The research aims are well stated, in that research questions were aimed at finding out how many acronyms and how much jargon is included in two examples of OERs. Also how much did people understand regarding these jargonised words.

Initial findings are clearly stated in % terms and a brief explanation is provided as to the results. 

What is less clear here is how the particular OER's and words were chosen for the research.

Problems in terms of the scope and timescale of the research carried out are stated, particularly the fact that the sample size was small, excusable perhaps given the short timescales allowed for production but something that can be worked on going forward.

The interesting anecdotes from family members who didn't understand the questions, and therefore would not do the questionnaire both served the point to highlight the problem that jargon can cause whilst amusing the audience.

The initial conclusions in the presentation are perhaps enough to suggest that high awareness of OER courses and the relationship to the low uptake may have something to do with the type of language used and the barriers it may cause to understanding. 

The author admits that research is small scale and mainly due to networking within the group, this suggests that a better survey result is possibly necessary for more accurate results.

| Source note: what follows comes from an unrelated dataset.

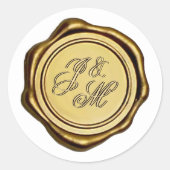 Elegant Monogram Gold Wax Seal Ronde Sticker (Voorkant)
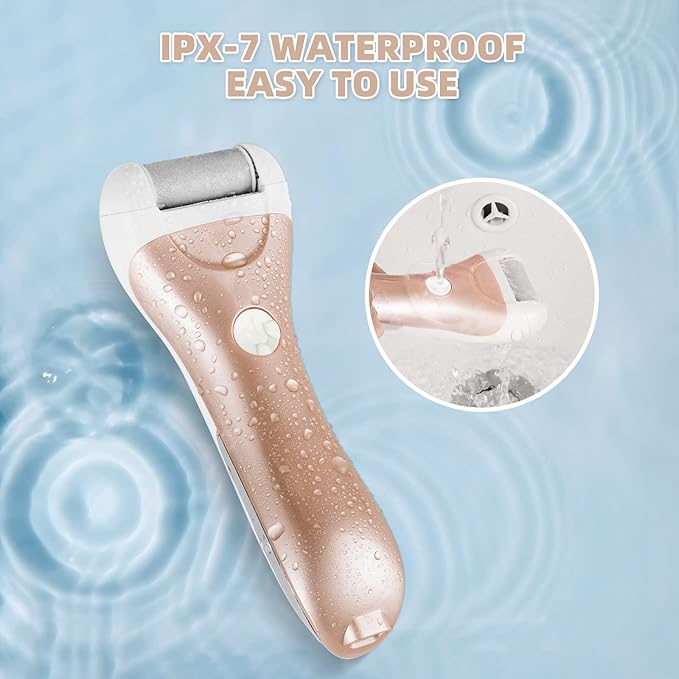 Callus Remover for Feet, Nicebirdie Electric Foot File Callus Removers Rechargeable Waterproof Pedicure Tools Foot Scrubber Shaver Feet Care Tool for Cracked Heels Dead Skin （Golden）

Thought has been given to and expressed by the author on how this experience has taught her some useful lessons, i.e., the importance of research planning and better explanation of tasks required.

Ending the presentation with a quiz that reinforces how an audience can misinterpret language was arguably a good move here, it highlights the fact that people need to know their audience when communicating.  Given that most of the audience got the question wrong  reinforces this message.

An interesting presentation. How will this be developed further for the project artefact............?


Rachel O'Connor
3:02pm 17 February 2015

Thanks for such a comprehensive review Sheila. It is very useful to see my presentation through someone else's eyes. You have also got me thinking about changes I might need to make to my artefact in light of your comments. Thanks

Sheila Greenwood
6:08pm 17 February 2015

Hi Rachel

Yours is one of the presentations I have chosen to review for the EMA because the topic of jargon is similar but we chose to present in different ways.  Not sure if the review is suitable  the EMA and I may need to pad this out a little with added info along the way.

Do you think I have the right tack or perhaps gone off on the wrong thinking tangent about the presentations intended purpose?

You can be cruel to be kind with any siggestions.